Why did I learn this? We were doing a live random assignment for an impact evaluation I am starting in Colombia. We had programmed up the code, and tested it several times, with it working fine. In our test code, we had set the seed for random number generation as the date “04112018”. Then when my collaborator went to run this live, it was decided to also add the time of the drawing at the end, so that the seed was set as “041120180304”.  This generated an error, and prevented the code from running. Luckily we could quickly fix it, and the live draw proceeded ok. But lesson learned, 2^31-1 is a large number, but sometimes binds.

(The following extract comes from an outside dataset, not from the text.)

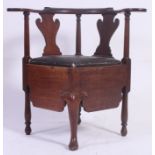 A 19th century Georgian mahogany corner chair commode.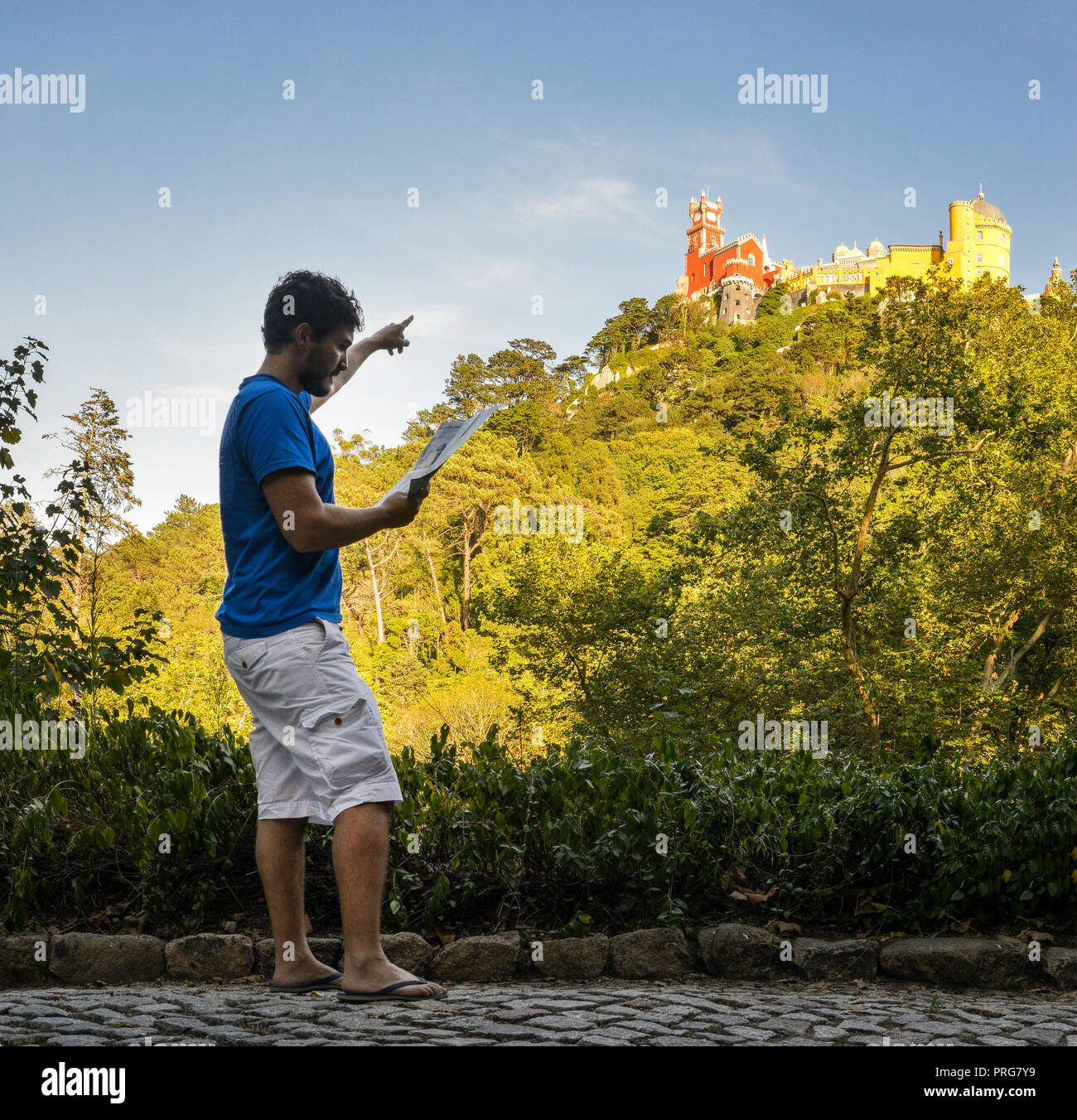Young man (20-25) tourist holding a map while pointing towards the Pena National Palace, a Romanticist palace in Sao Pedro de Penaferrim, Sintra Stock Photo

2. Avoid Stata’s rank command if you want replicable random assignment.
This is a lesson that I have to keep on re-learning. The situation here is part of the same random assignment. We wanted to rank firms within strata according to an export practices index (EPindex), and then randomize within each strata among quadruplets of firms with similar practice levels. The problem that arises comes when observations are tied with the same value of the variable. If you use:

egen rankEPindex = rank(EPindex), by(strata) unique

Then the unique option splits ties, but it does so “arbitrarily”, with this being different each time you run the code, regardless of how you have set the seed. This is a problem for replicability.

Instead, you are better to use the following two lines:
sort strata (EPindex), stable
by strata: gen rankEPindex=_n

The stable option here to sort maintains the order that you have the data already, so will yield the same results each time you run the code.
[update: Arthur Alik Lagrange also helpfully informs me that Stata has a separate command set sortseed that sets the seed used for breaking ties when data are sorted] 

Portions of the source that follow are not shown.